How to get PEGGY Figure

PE: You can not take PE from newspaper. Old data. Can be used as reference to support only.

G: Growth rate of the net profit. Expected long term growth. Normally forecast 2-3 years. Nobody can really forecast with 100% accuracy and more than 3 years. Most analysts, their accuracy is about 70%. They will adjust their forecast quarterly when the result is out.

G: Gearing. For formula, people use Long Term Liabilities divided by Equity Shareholders' Funds. You can look at balance sheet to find out the figure. Old data never mind, because changes are normally
minimum Every quarter. Now quite common people use Total Loan minus out cash and cash equivalent, then divide by Equity Shareholders' Fund

Y: Yield, dividend yield. You can not take from newspaper. Old data. Can be used as reference to support only. You can also find out the dividend payout ratio policy. If 40%, means if they earn RM1.00 per share, they will pay out RM0.40 dividend (refer my post on payout ratio).

PE, Growth and Yield, you need to take forecast. Historical data use as reference to support and is important to serve as track record. Gearing can take current, but preferably forecast, if available.

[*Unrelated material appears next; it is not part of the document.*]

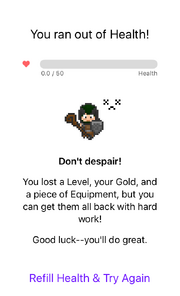 iOS版での死亡通知(英語)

Conclusion: PEGGY Method rely on forecast figure. But how to get? Have to refer analysts or research report. Most brokers have their own research report available to clients. They have done all the hard work. Just take out the report and just check out the PEGGY figure, quite fast and simple.

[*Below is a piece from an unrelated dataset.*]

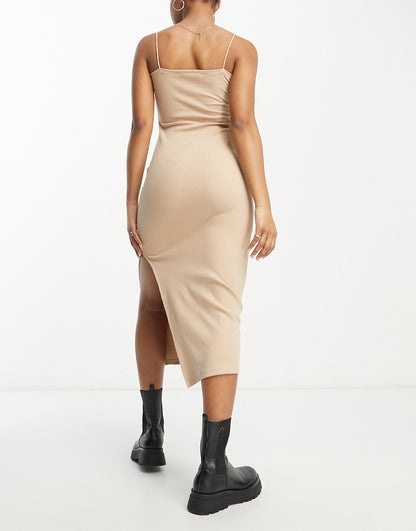 Miss Selfridge strappy midi dress with split detail in sand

Many people make a lot of money without using PEGGY method. They buy low and sell high, then buy low again and sell high again. But I am not good at that. So PEGGY is useful for me.

Hope this help. Feel free to ask more if need more clarification.

Saturday, May 1, 2010

What is PEGGY Ratio Method

Rather than just rely on PE ratio, or now the trend is PEG ratio, we also need to evaluate gearing and dividend yield. I try to make things easy for you all to remember, so I come out PEGGY method to evaluate a company.


PE is PE ratio. The lower the better.
G is Growth, expected long term growth rate eg 15%. The higher the better
G is gearing, the lower the better, best is net cash
Y is yield, ie dividend yield. The higher the better

All are important. More than 10 years ago I just look at PE, which is not enough.
Now people like to use PEG, that is using PE ratio divided by growth rate. The lower the better. But also not enough. Many don't bother about gearing.
Some investor just look at Dividend Yield.

You need to consider all. So, I advise you to use my PEGGY method
Just remember PEGGY, easy right.

If your remisier ask you to buy Genting International Ltd Singapore or IOI Corp, you can start asking him, what is the PE? Then ask him what is expected growth rate? How about gearing? Is dividend yield high?